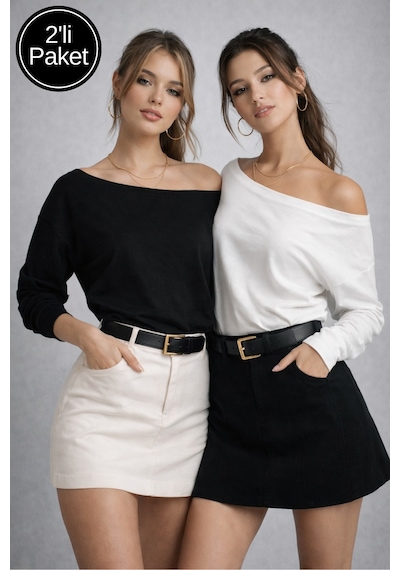 Rich Kadın 2'li Paket Siyah - Beyaz Düşük Omuz Modal Bluz Beyaz - Siyah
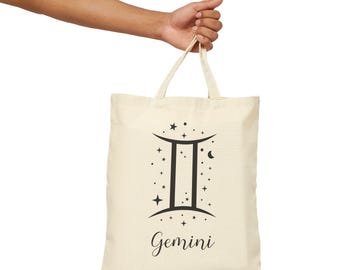 Gemini Zodiac Sign Cotton Canvas Tote Bag: Astrology Gift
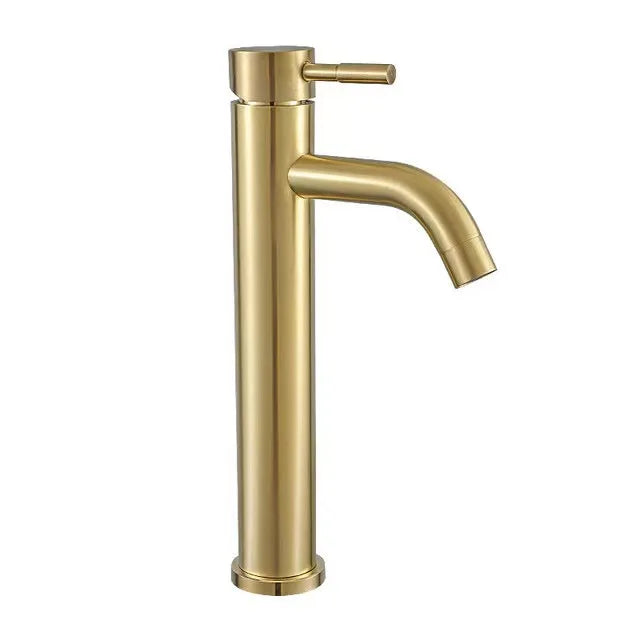 Gold Bathroom Faucet Stainless Steel Bathroom Basin Faucet Cold And Hot Water Mixer Sink Tap Single Handle Deck Mounted Brushed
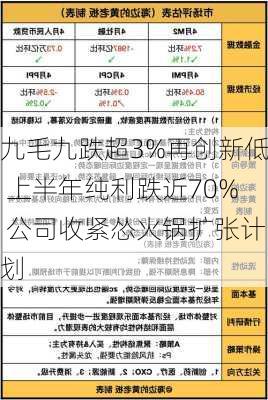 九毛九跌超3%再创新低 上半年纯利跌近70% 公司收紧怂火锅扩张计划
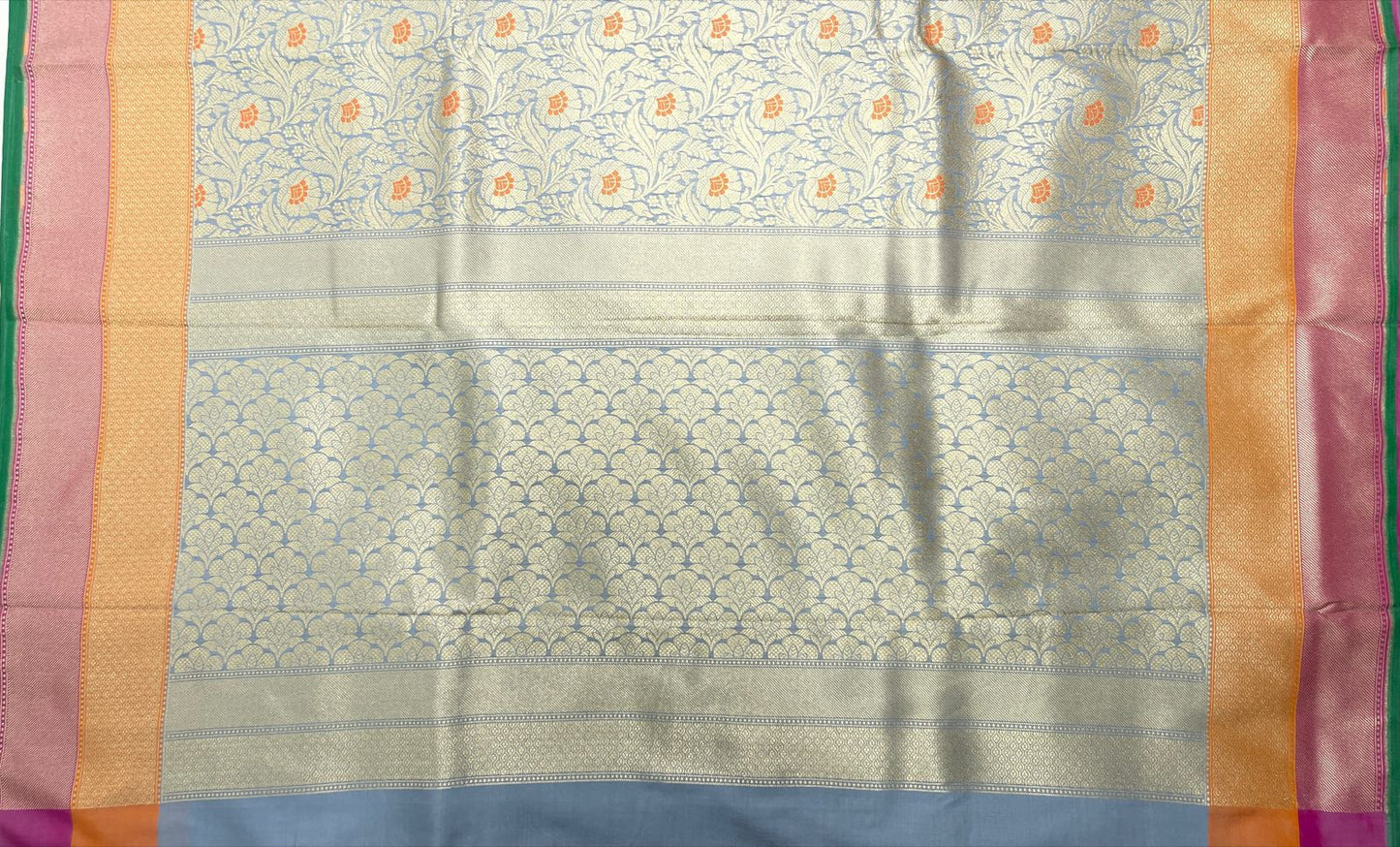 Faishana Presents Sky Blue Katan Silk Floral Zari Mina Jaal with Banarasi Zari 2D Border and Pallu with Sky Blue Blouse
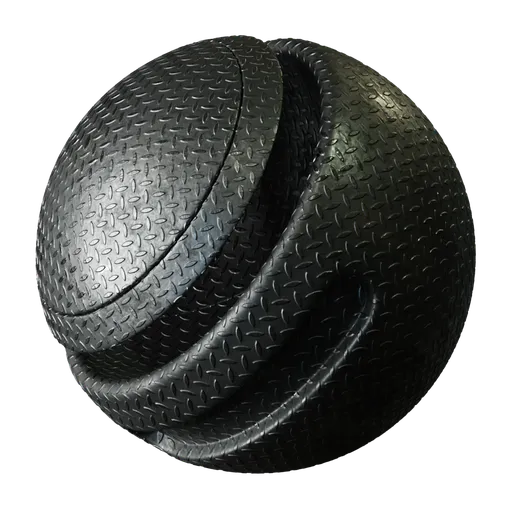 Textured anti-slip metal surface for PBR 3D rendering in Blender and compatible applications.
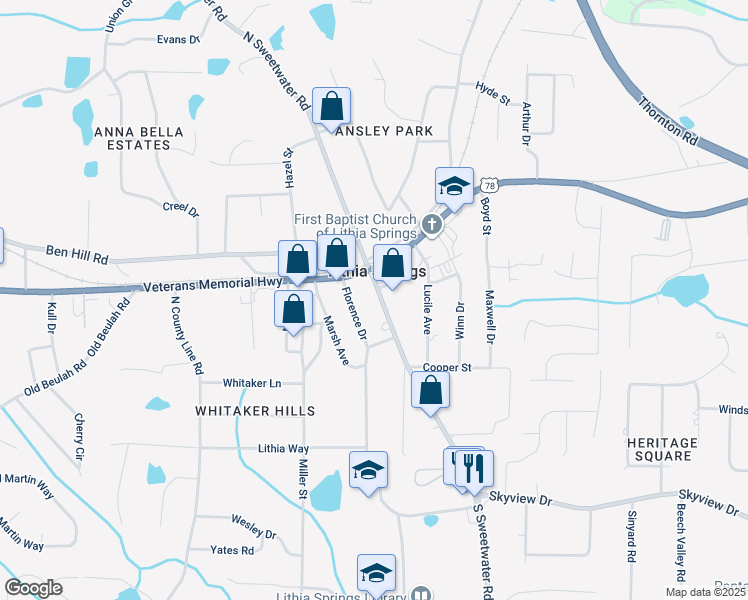 map of restaurants, bars, coffee shops, grocery stores, and more near 6655 South Sweetwater Road in Lithia Springs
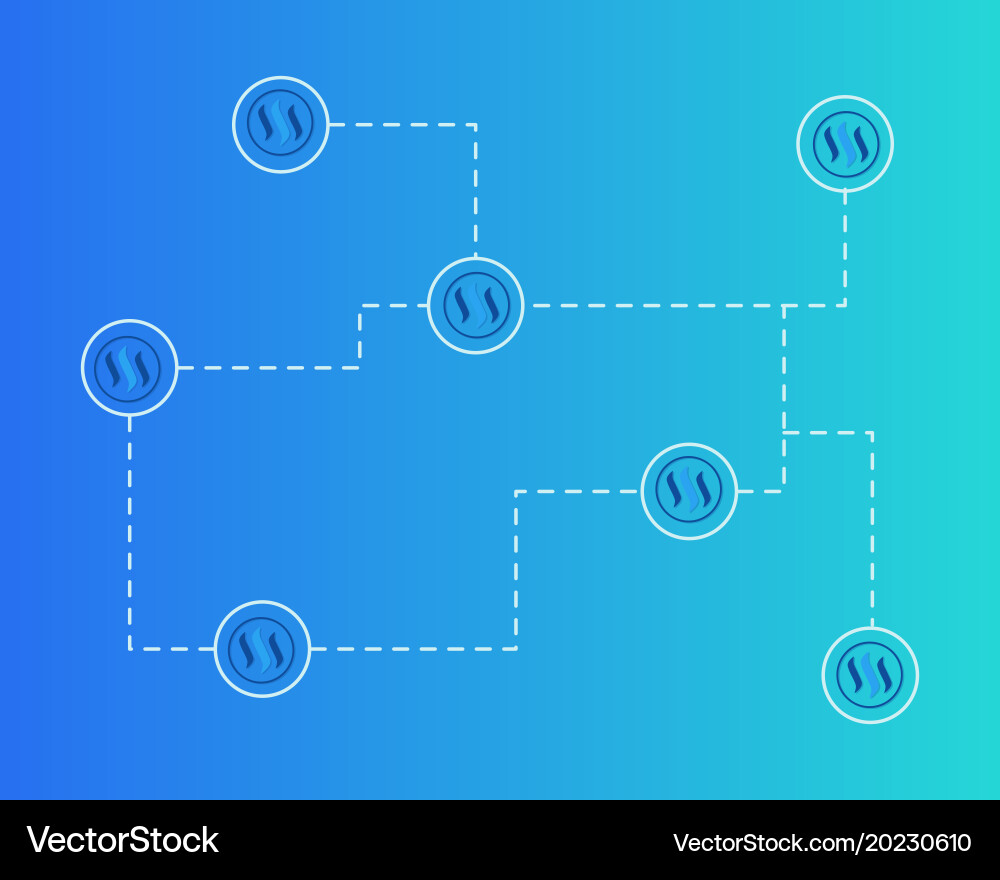 Blockchain steem networking concept background vector image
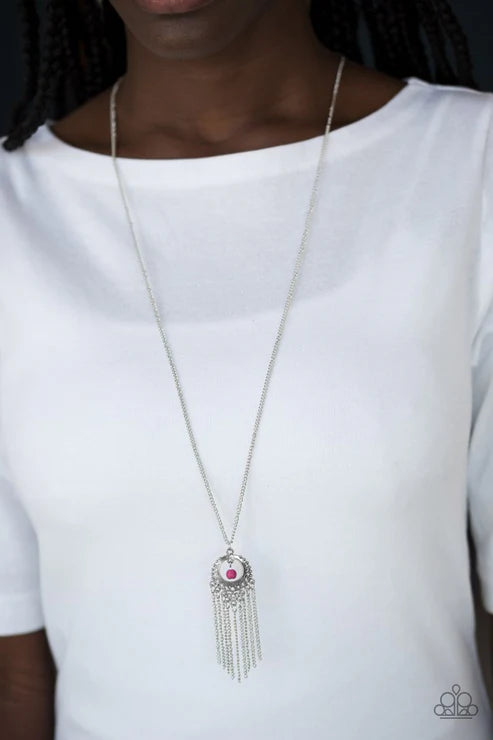 Western Weather - Pink Tapered Tassel Necklace N#6305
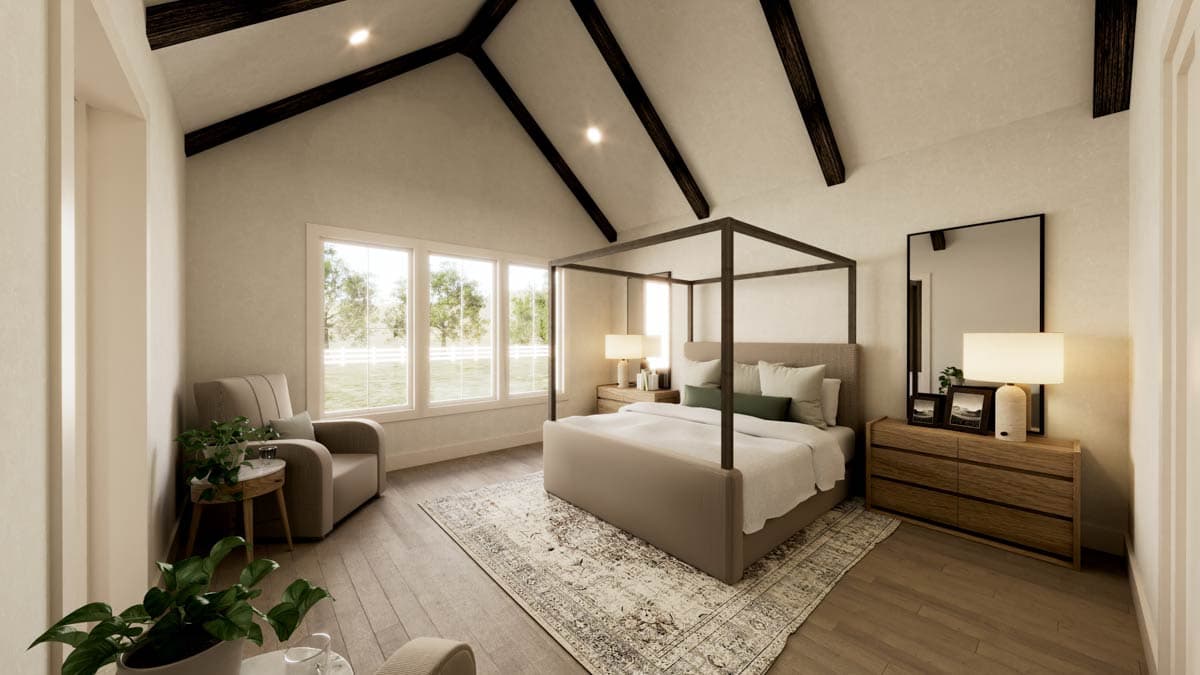 Plan 820009WSF | Modern Farmhouse Plan | Interior Design | Primary Bedroom
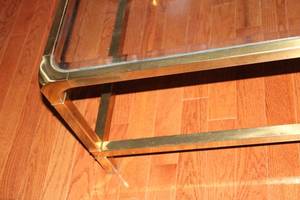 lot 247 image: Glass-Top Brass Frame Coffee Table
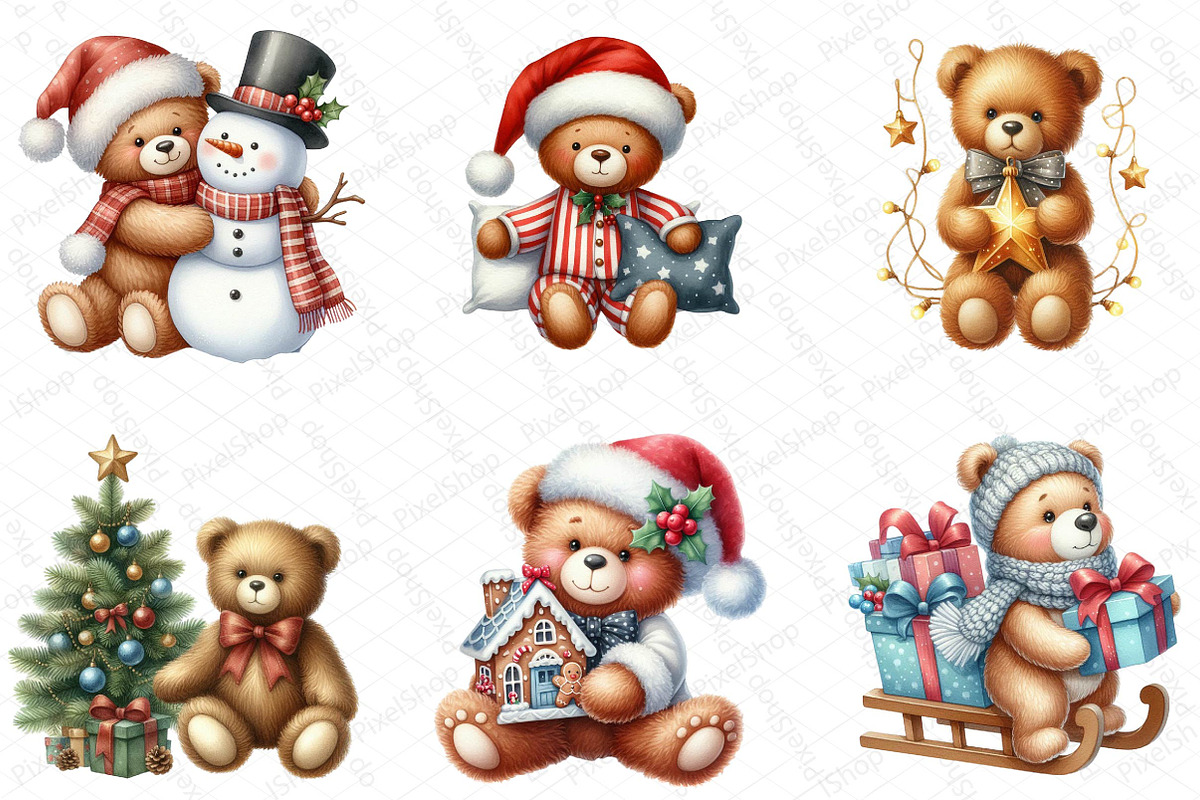 Christmas Teddy Bear Sublimation Bun, an Illustration by DreamPrint404 (Photo 5 of 5)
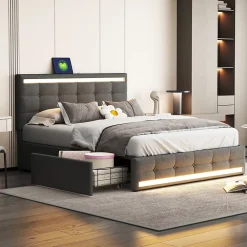 Simple Life Lit 140x200 cm avec tiroirs, capitonné, rangement, LED, 2 chargeurs USB, sommier à lattes, gris.* Lit Coffre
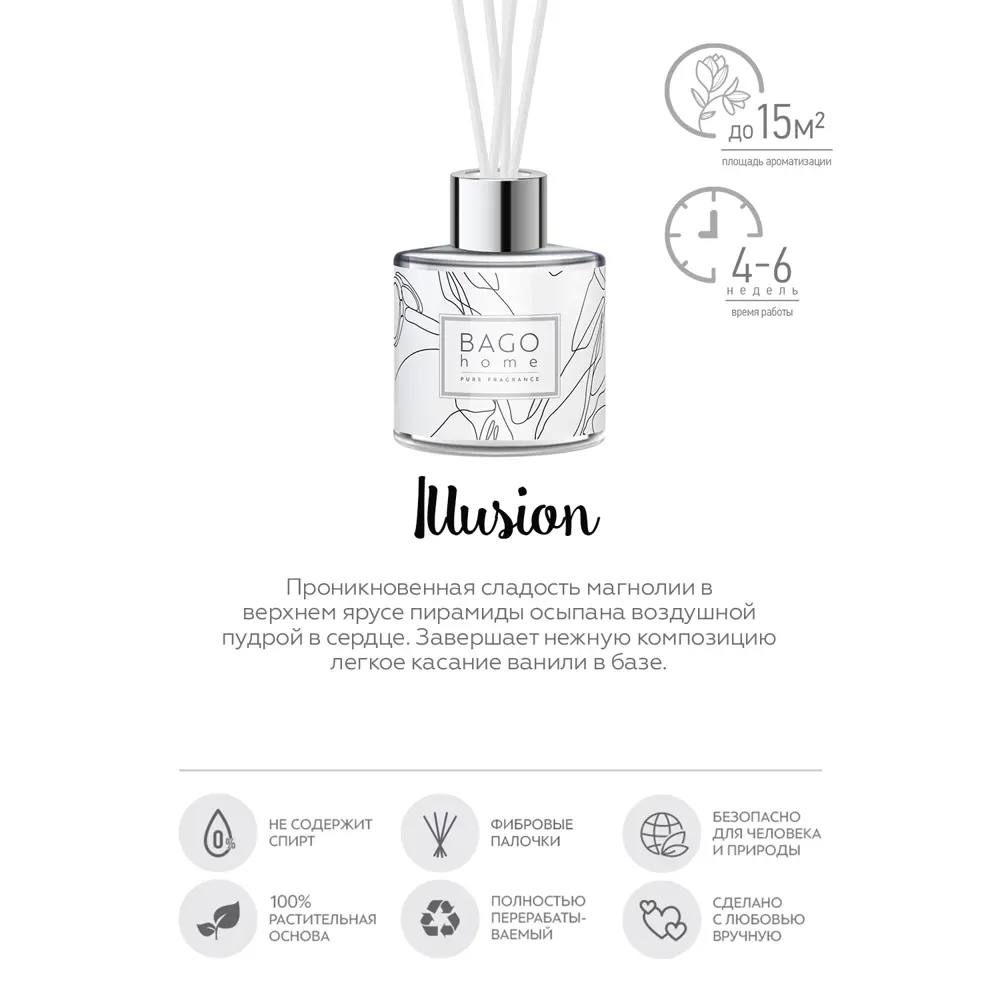 Ароматический диффузор Bago Home Иллюзия BAB0144 45 мл STLM-2058879 - Вид №2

____

Task details: The required output is the exact run of lines from the start of the records through the line containing "Christmas Teddy Bear", both ends included, with no pictures.

Written solution:
 Rich Kadın 2'li Paket Siyah - Beyaz Düşük Omuz Modal Bluz Beyaz - Siyah
 Gemini Zodiac Sign Cotton Canvas Tote Bag: Astrology Gift
 Gold Bathroom Faucet Stainless Steel Bathroom Basin Faucet Cold And Hot Water Mixer Sink Tap Single Handle Deck Mounted Brushed
 九毛九跌超3%再创新低 上半年纯利跌近70% 公司收紧怂火锅扩张计划
 Faishana Presents Sky Blue Katan Silk Floral Zari Mina Jaal with Banarasi Zari 2D Border and Pallu with Sky Blue Blouse
 Textured anti-slip metal surface for PBR 3D rendering in Blender and compatible applications.
 map of restaurants, bars, coffee shops, grocery stores, and more near 6655 South Sweetwater Road in Lithia Springs
 Blockchain steem networking concept background vector image
 Western Weather - Pink Tapered Tassel Necklace N#6305
 Plan 820009WSF | Modern Farmhouse Plan | Interior Design | Primary Bedroom
 lot 247 image: Glass-Top Brass Frame Coffee Table
 Christmas Teddy Bear Sublimation Bun, an Illustration by DreamPrint404 (Photo 5 of 5)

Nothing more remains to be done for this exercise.